▶ [PROVIDED DATA]
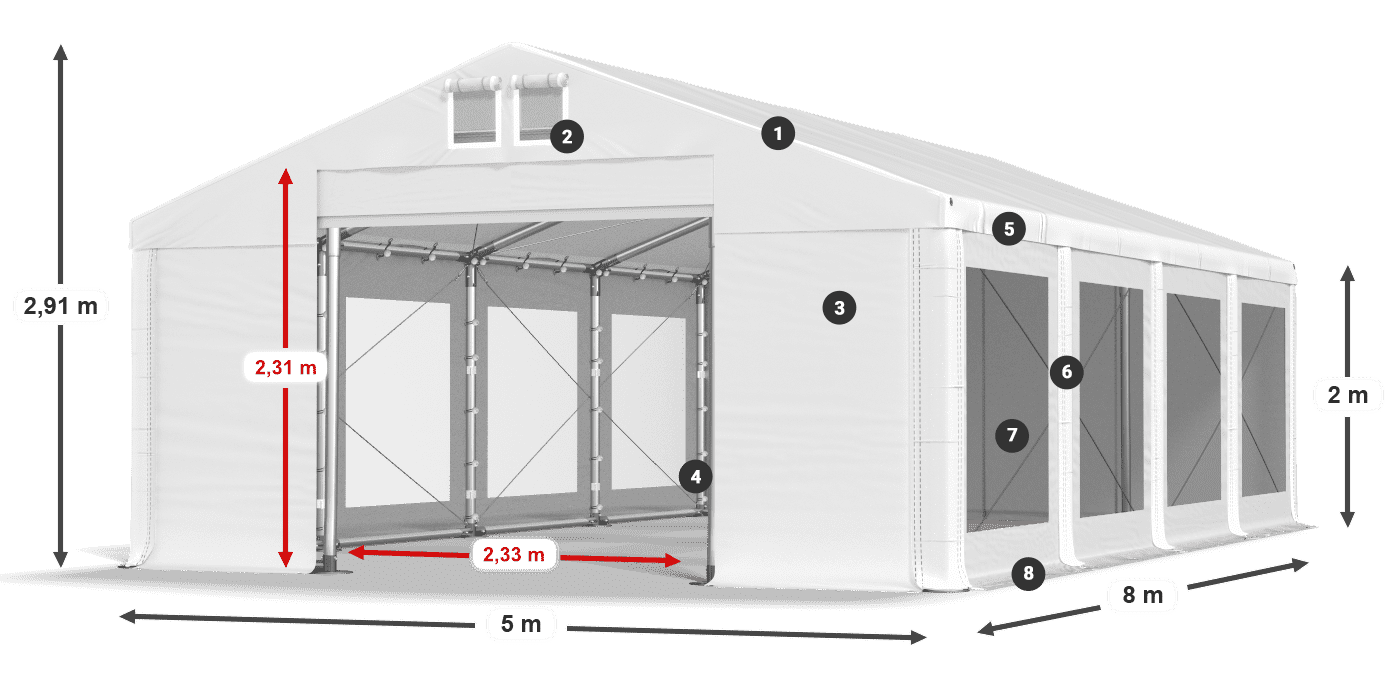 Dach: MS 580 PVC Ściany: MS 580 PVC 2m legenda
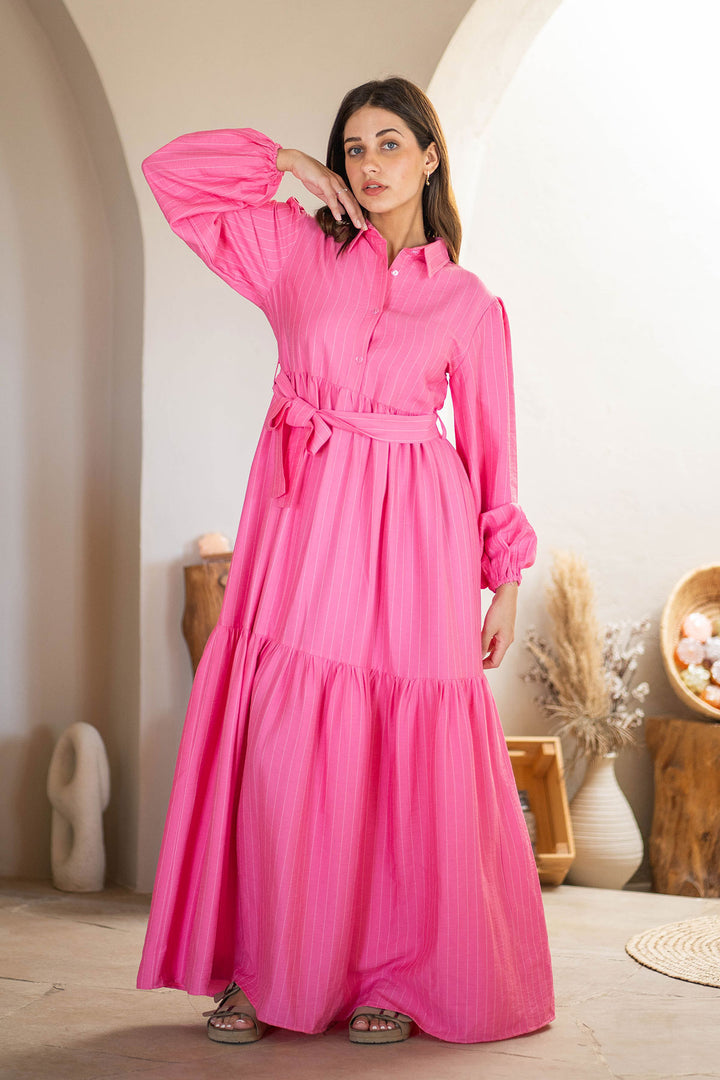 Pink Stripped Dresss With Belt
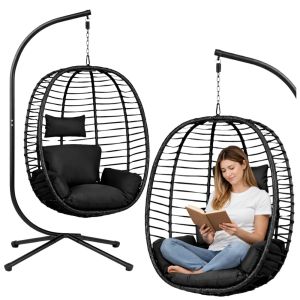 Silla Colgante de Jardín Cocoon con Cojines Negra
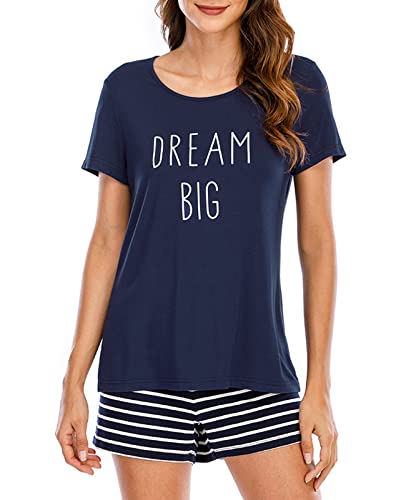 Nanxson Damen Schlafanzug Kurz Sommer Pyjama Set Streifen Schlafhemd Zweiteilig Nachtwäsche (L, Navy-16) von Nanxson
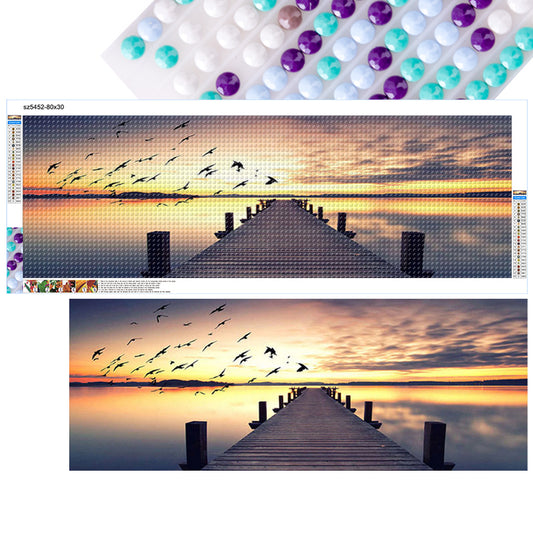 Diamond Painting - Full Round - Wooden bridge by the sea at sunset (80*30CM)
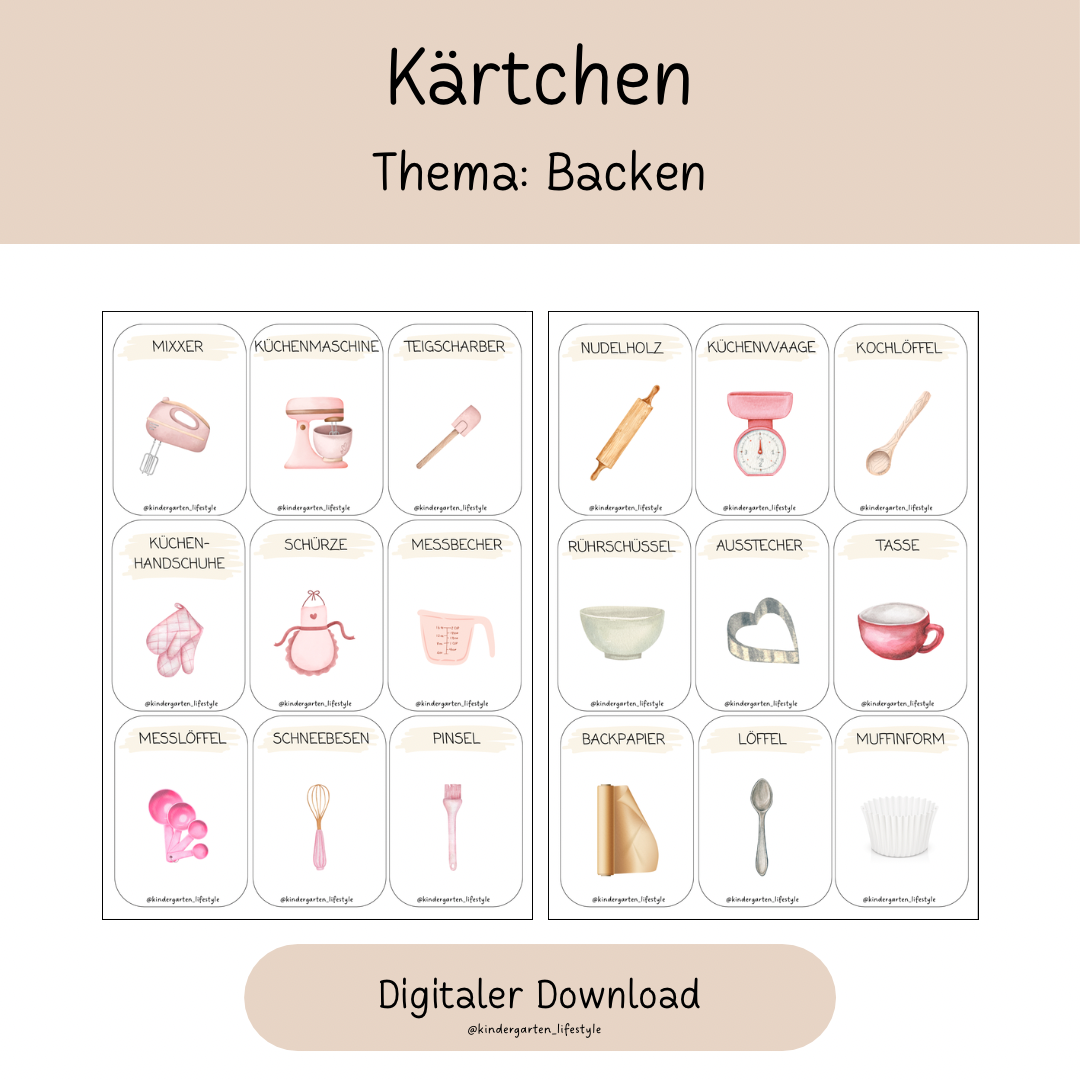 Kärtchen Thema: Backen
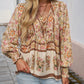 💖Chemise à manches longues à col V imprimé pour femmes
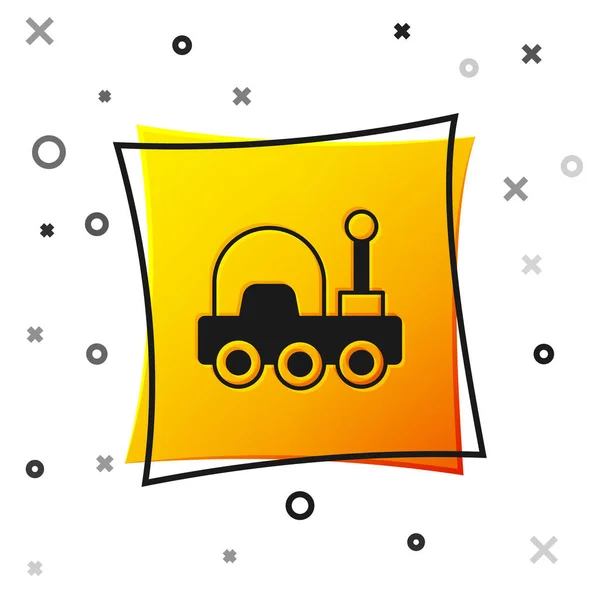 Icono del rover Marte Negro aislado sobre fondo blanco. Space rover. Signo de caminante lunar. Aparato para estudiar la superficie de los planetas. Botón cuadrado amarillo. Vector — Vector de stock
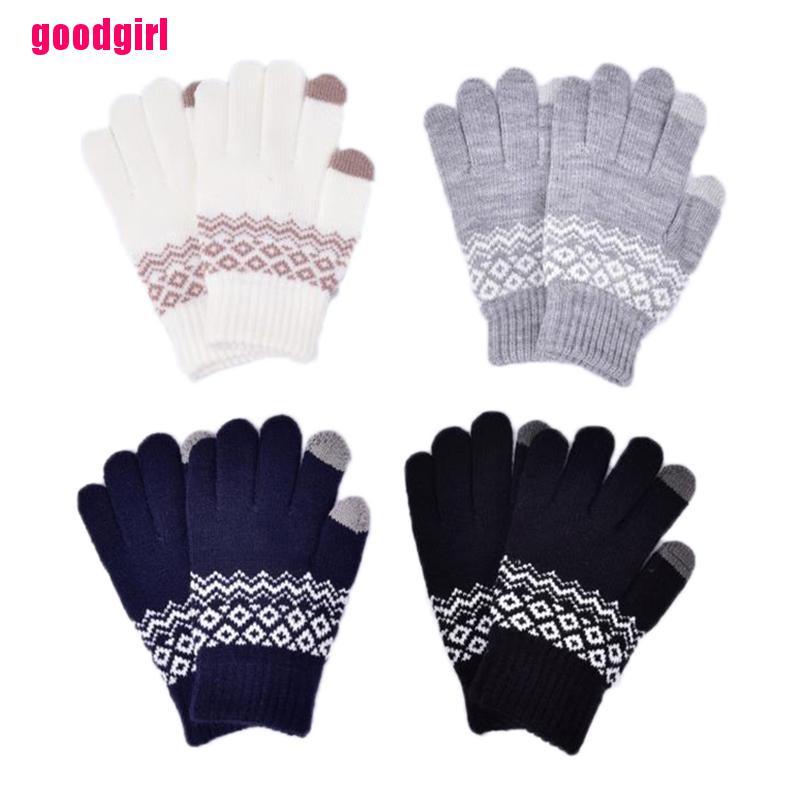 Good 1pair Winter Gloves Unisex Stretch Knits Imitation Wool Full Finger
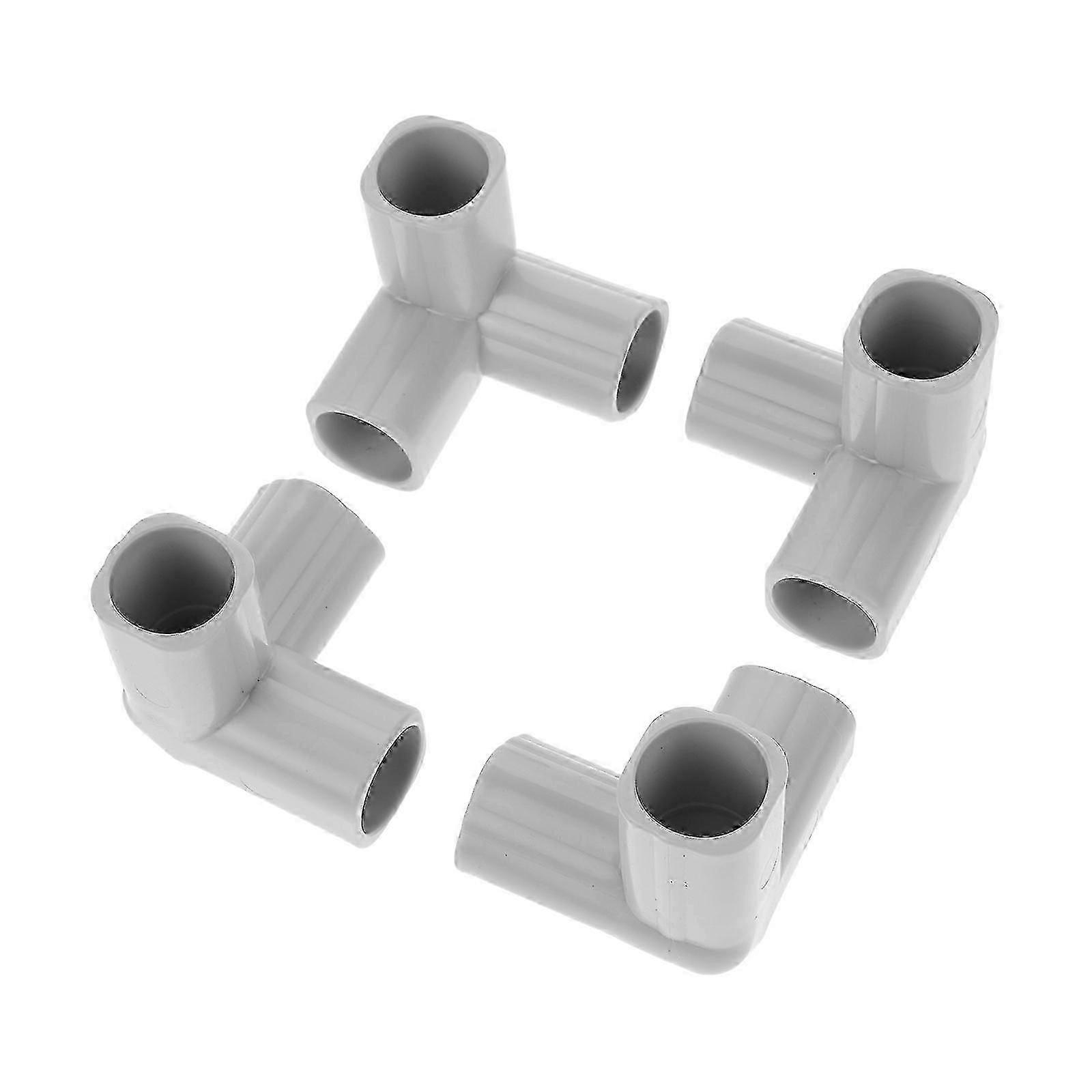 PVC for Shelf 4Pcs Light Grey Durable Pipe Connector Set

▶ [DESCRIPTION OF THE TASK] An exact copy of every entry above is required, without the pictures.

▶ [ANSWER SPACE]
 Dach: MS 580 PVC Ściany: MS 580 PVC 2m legenda
 Pink Stripped Dresss With Belt
 Silla Colgante de Jardín Cocoon con Cojines Negra
 Nanxson Damen Schlafanzug Kurz Sommer Pyjama Set Streifen Schlafhemd Zweiteilig Nachtwäsche (L, Navy-16) von Nanxson
 Diamond Painting - Full Round - Wooden bridge by the sea at sunset (80*30CM)
 Kärtchen Thema: Backen
 💖Chemise à manches longues à col V imprimé pour femmes
 Icono del rover Marte Negro aislado sobre fondo blanco. Space rover. Signo de caminante lunar. Aparato para estudiar la superficie de los planetas. Botón cuadrado amarillo. Vector — Vector de stock
 Good 1pair Winter Gloves Unisex Stretch Knits Imitation Wool Full Finger
 PVC for Shelf 4Pcs Light Grey Durable Pipe Connector Set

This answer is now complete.